We all know the required elements of an effective presentation. Unfortunately, in competitive sales situations, everyone likely will be effective. If you want to stand out with a presentation that knocks it out of the park, consider these three keys to a truly outstanding presentation:
#1 Know your role
Your role (presenter) = expert and narrator, focal point of the presentation
PPT Presentation = prop to support your message
Customer = focal point of your presentation content
Clearly define your role as presenter versus that of your presentation tools. PowerPoint and other visuals should be used to reinforce the insights you provide. Too often presenters allow PPT to become the sales presentation, providing only voice-over and thus casting themselves in a supporting role to their slides.
You must also understand the distinction in your role versus that of the customer. As the presenter, you are the focal point of the presentation, but the customer should be the focal point of your content – the star of the story you are telling. The most successful presentation is one in which the presenter holds the rapt attention of participants with their compelling insights and their plan for delivering benefits to the client organization.

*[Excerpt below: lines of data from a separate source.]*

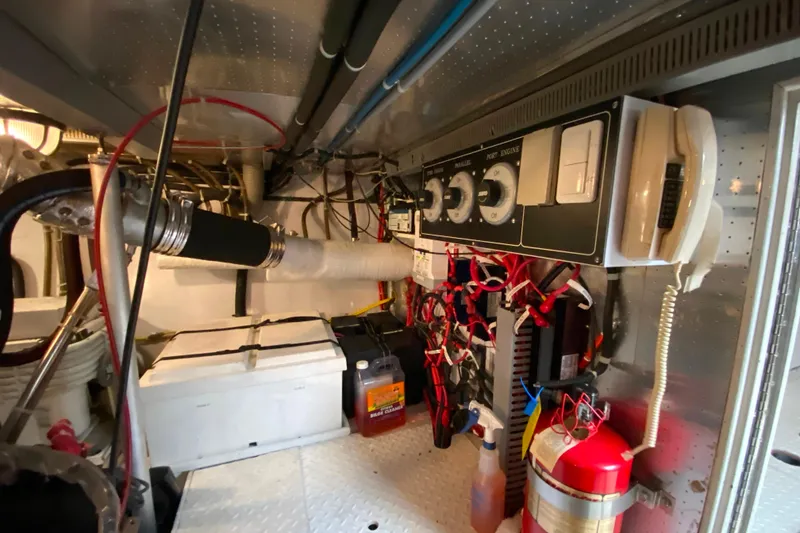 Slide: The Image of Engine room of 2001 Compass 57 with control panel, wiring, and safety equipment. - 65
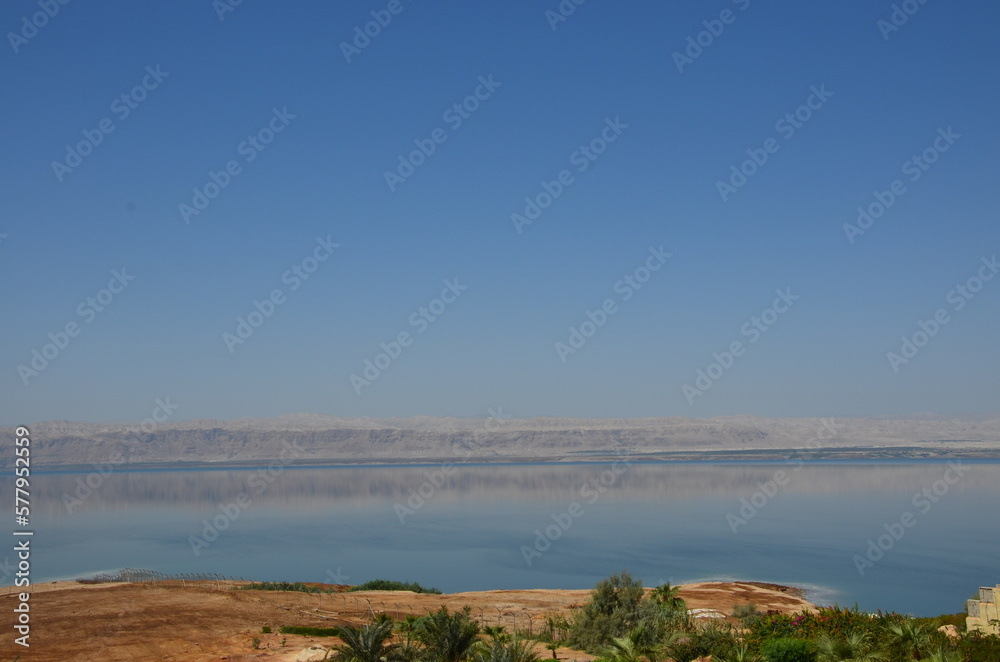 Panoramic view of the beautiful, clear blue Dead Sea shimmering and shining on a bright sunny day in Jordan and the dry land around it.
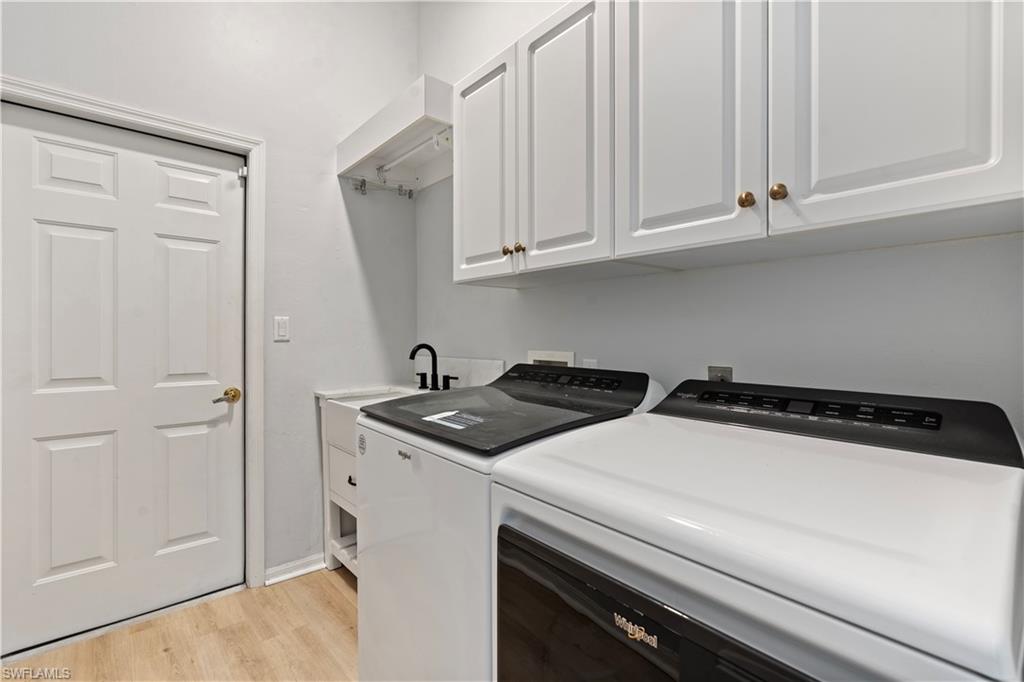 20751 Rivers Ford Estero, FL 33928 - Photo 28 of 36 Washroom with light wood-style flooring, cabinet space, and washing machine and clothes dryer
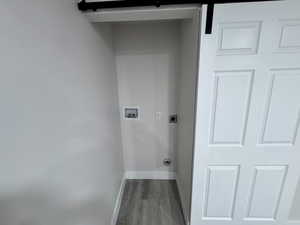 Laundry area featuring electric dryer hookup, washer hookup, baseboards, and wood finished floors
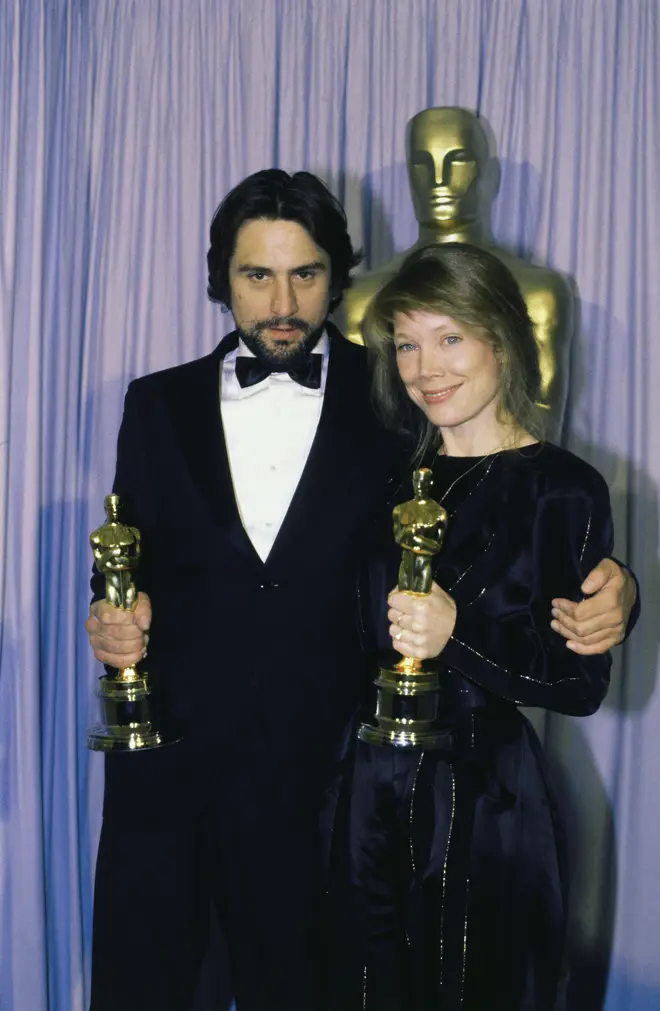 Robert De Niro pictured with Sissy Spacek in 1981 as he shows off the Oscar he won for Best Actor in Raging Bull.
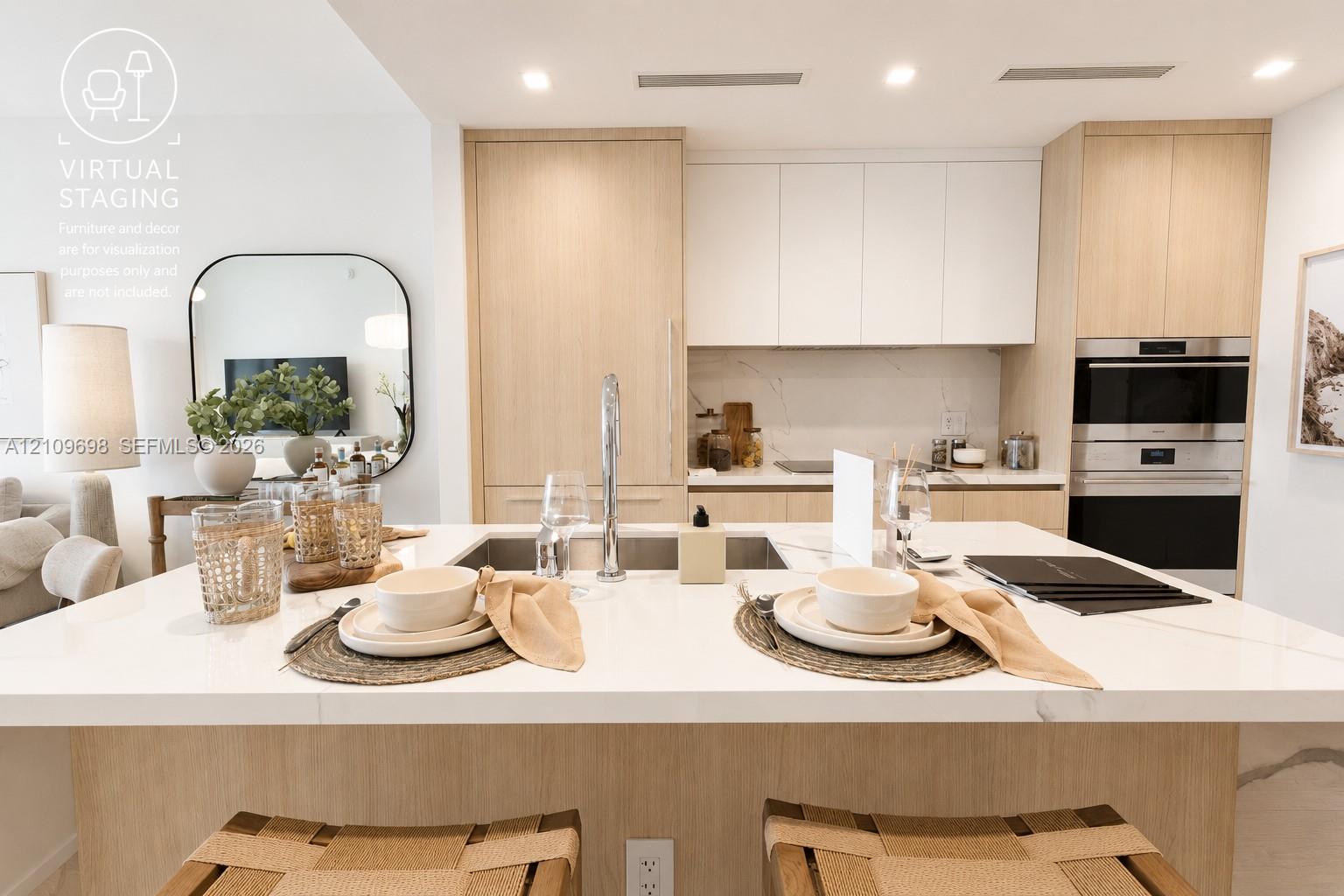 Kitchen featuring an island with a light-toned countertop, custom light-wood cabinetry, matte-finish wall cabinetry, an integrated stainless steel wall oven, and a sleek undermount kitchen sink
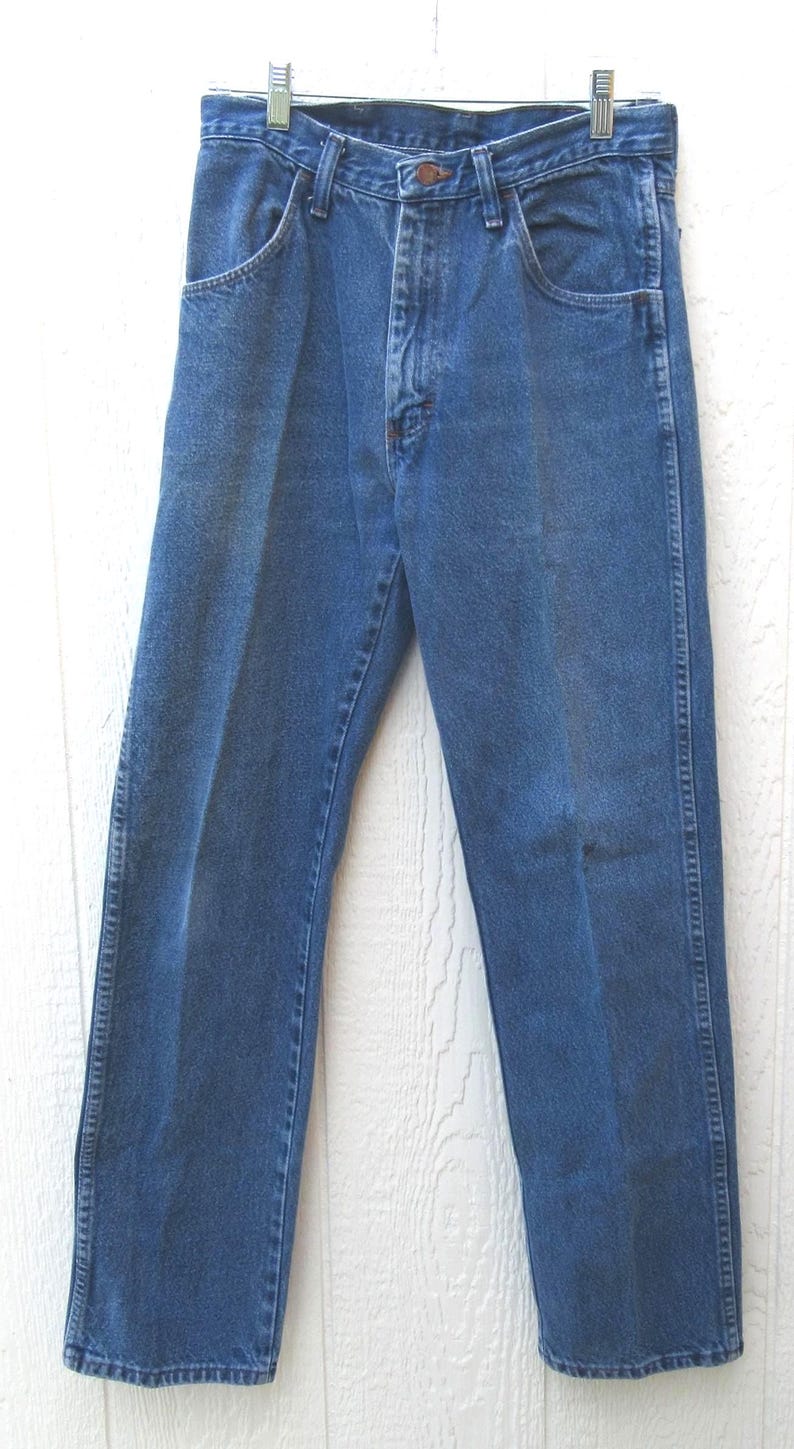 May include: Blue denim jeans with a classic five-pocket design. The jeans are hung on a metal hanger and feature a button and zipper closure. The pants have a straight leg cut and are made of a durable denim material.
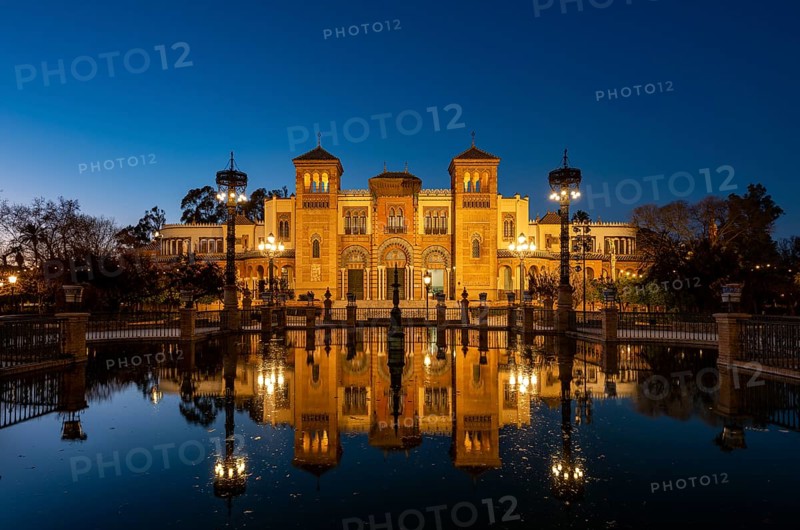 Illuminated art museum Museo de Artes y Costumbres Populares de Sevilla reflected in a fountain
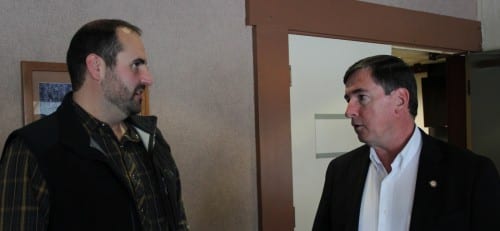 Republican Steven Samuelson (right) speaks with Anchorage Mayor Dan Sullivan. (KCAW photo/Rachel Waldholz)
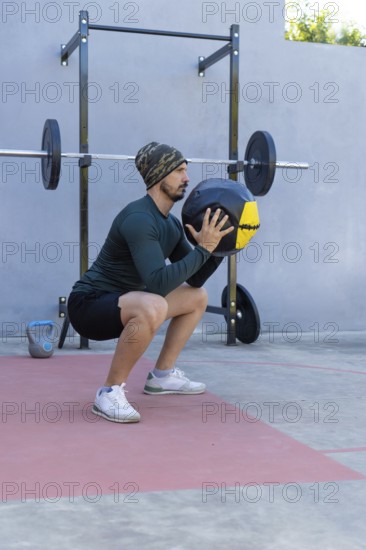 Young sportsman performing squats with a medicine ball in an outdoor gym, demonstrating strength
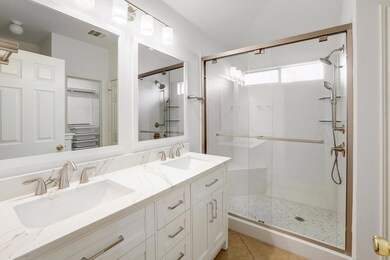 Full bath with a stall shower, double vanity, and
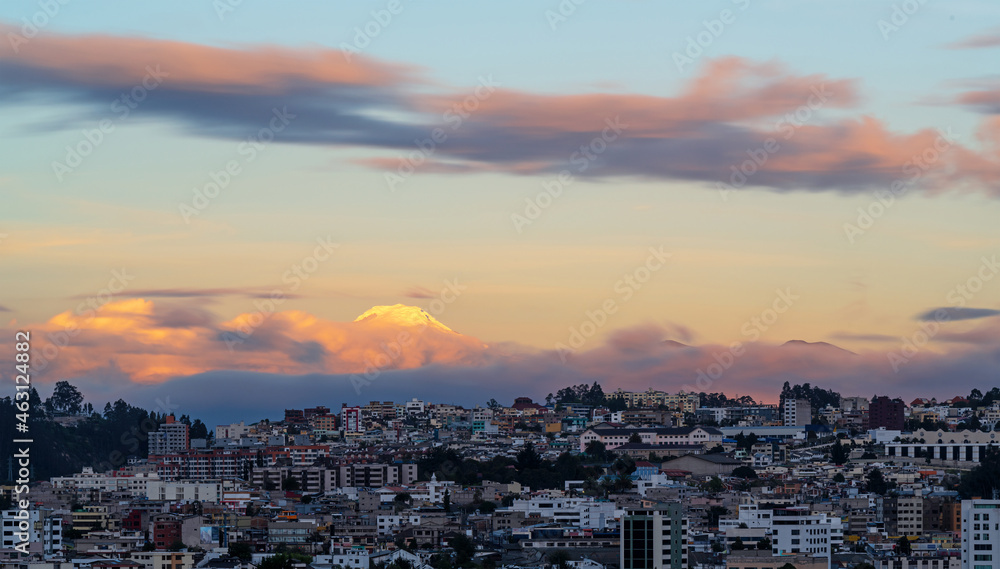 Long exposure cityscape of Quito at sunset with Cayambe volcano, Ecuador.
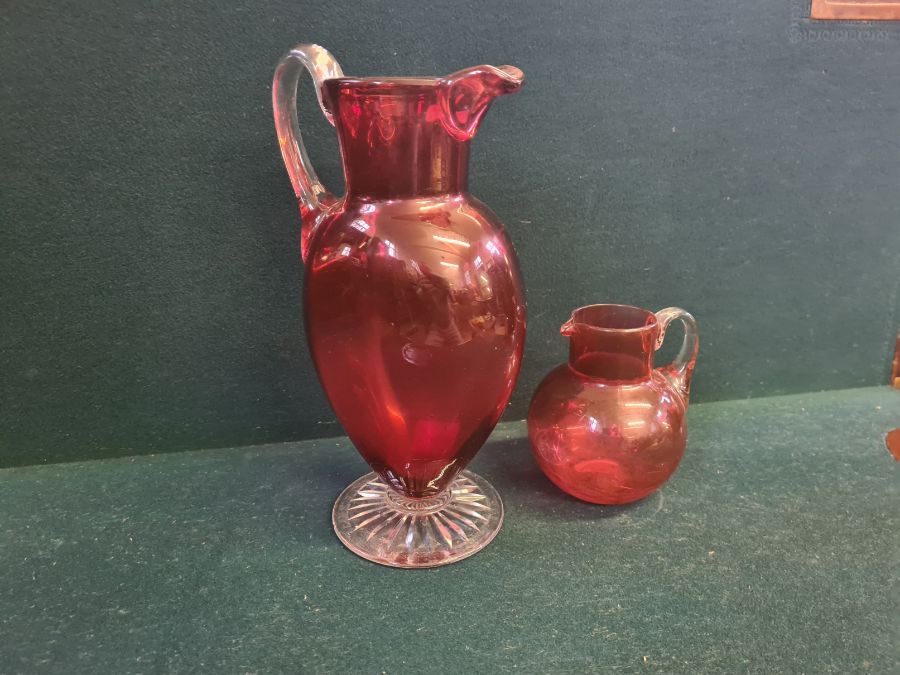 Large Victorian cranberry glass jug with clear cut foot standing 11" tall and a similar smaller - Image 5 of 5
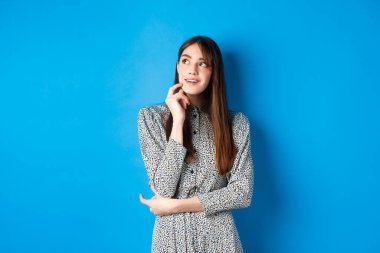 Yaratıcı genç bir kadın hayal ediyor ve gülümsüyor, sol üst logoya bakıyor düşünceli, bir fikri var, mavi arka planda duruyor.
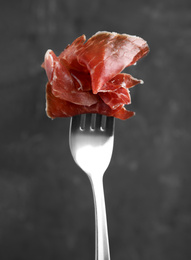 Photo of Tasty prosciutto on fork against grey background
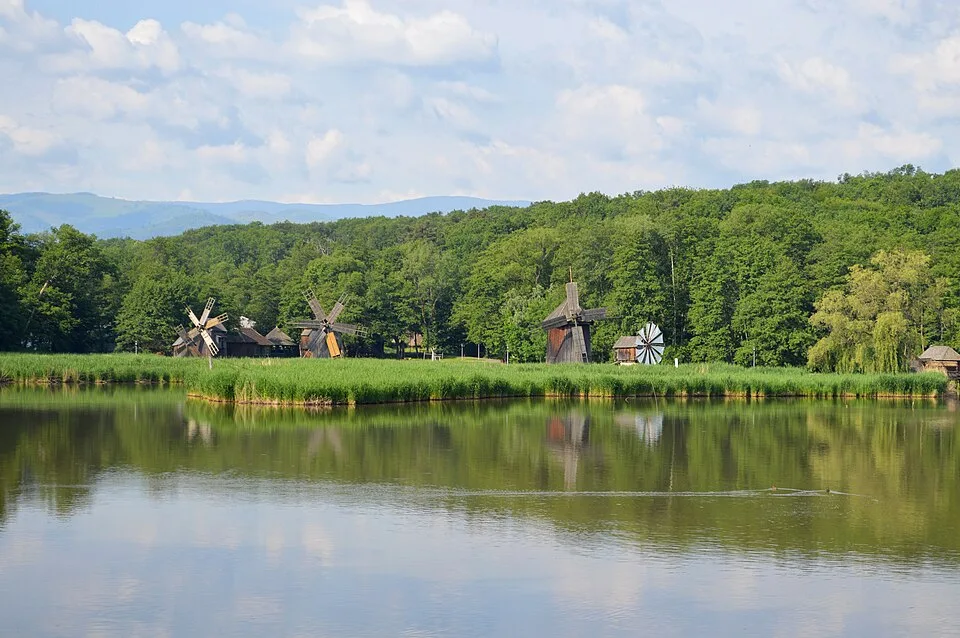Sibiu historic centre context image 4: Windmills across Lake Dumbrava at ASTRA open-air museum.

#2 Natural, Knowledgeable is a Great Style
If you think a boasting, preachy style is the way to gain credibility and demonstrate your expertise, think again! Super star presenters have a style that is confident, but also relaxed, natural and conversational. The best way to look completely natural is to practice, practice, practice until your presentation is second nature. Most individuals don’t invest the time necessary to get to this point. Those who do are the presentation super stars we all envy.
#3 Make It a Sprint, Not a Marathon
A nearly universal flaw in presentations is time management – either running over the time allotted or trying to cram too much information/detail for the timeframe. Make your presentation a sprint – succinct, intense and impactful. Leave them wanting to hear more, not begging for mercy to end the pain.